As such, a new organization called the Internet Accountability Project launched in recent weeks with the aim of fighting anti-conservative bias on those platforms and media companies.
The group says its aim is “to lend a conservative voice to the calls for federal and state governments to rein in Big Tech before it is too late.”
“We are conservatives who are alarmed by the role Big Tech plays in our society. We are concerned by the political and economic harms Big Tech platforms such as Google, Facebook, and Amazon are inflicting on Americans,” the group says on its web site.
“These harms include negative content, conservative bias, privacy violations, anticompetitive conduct, and employee abuses,” the group added.

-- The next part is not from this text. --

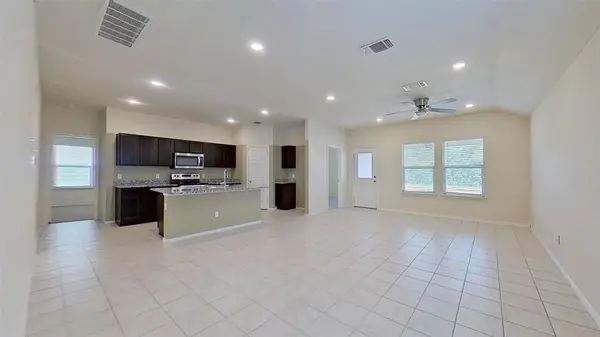 625 Taggart TRL, Jarrell, TX 76537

Privacy violations committed by Facebook are already well-known, WND.com reports, along with the platform’s anti-conservative bias. The same is true for Twitter of course, and for Google, the latter of which has altered its search engine results to downgrade conservative, pro-Trump news and information in favor of Left-wing “mainstream” media sources, according to whistleblowers.
Also, these platforms have labeled normal conservative views as “hate speech,” then they use that mischaracterization to justify bans and censorship. (Related: Where’s the ‘mainstream’ media? Project Veritas bombshell report exposing Google’s likely illegal election meddling ignored.)
As reported by The Daily Wire, the group’s leaders are “heavy-hitting conservative players” Mike Davis and Rachel Bovard. The IAP launched this week, the news site noted.
Davis clerked for Supreme Court Justice Neil Gorsuch when he was a member of the U.S. Court of Appeals for the 10th Circuit. He’s also been an aide to Senate Judiciary Committee Chairman Chuck Grassley (R-Iowa).
Meanwhile, Bovard has been a staffer for Sen. Rand Paul (R-Ky.). She was also named one of National Journal’s Most Influential Women in Washington under 35 in 2013, reports noted.
"We represent hardworking Americans who are fed up with the Big Tech bullies — like Google, Amazon, Facebook, and Twitter — and their 'bad acts,' including profiting from human-sex trafficking, revenge-porn, the opioid epidemic and drug addiction, terrorism, and other forms of human misery, along with engaging in egregious business practices like snooping, spying, political bias against conservatives, employee abuses, and anticompetitive conduct,” Davis told The Daily Wire.
Davis, meanwhile, added that it's time "to re-boot Big Tech, upgrade and reformat the sweetheart laws that protect them, and enforce the antitrust, consumer-and employee-protection, and similar laws already on the books.”
He went on to note that some state attorneys general have already launched probes into the behavior of the tech giants. And he said that thus far, the billion-dollar companies have not been held accountable for misusing users’ private information.
"Big Tech should not be allowed to become the arbiters of communication in America without input from citizens and policy makers," he said.
"It is important for those on the Right to begin discussing whether our public policy has kept pace with Big Tech, who now owns our data, much of our privacy, and in many cases, is pulling the levers of our political communication. IAP is here to help facilitate that conversation.”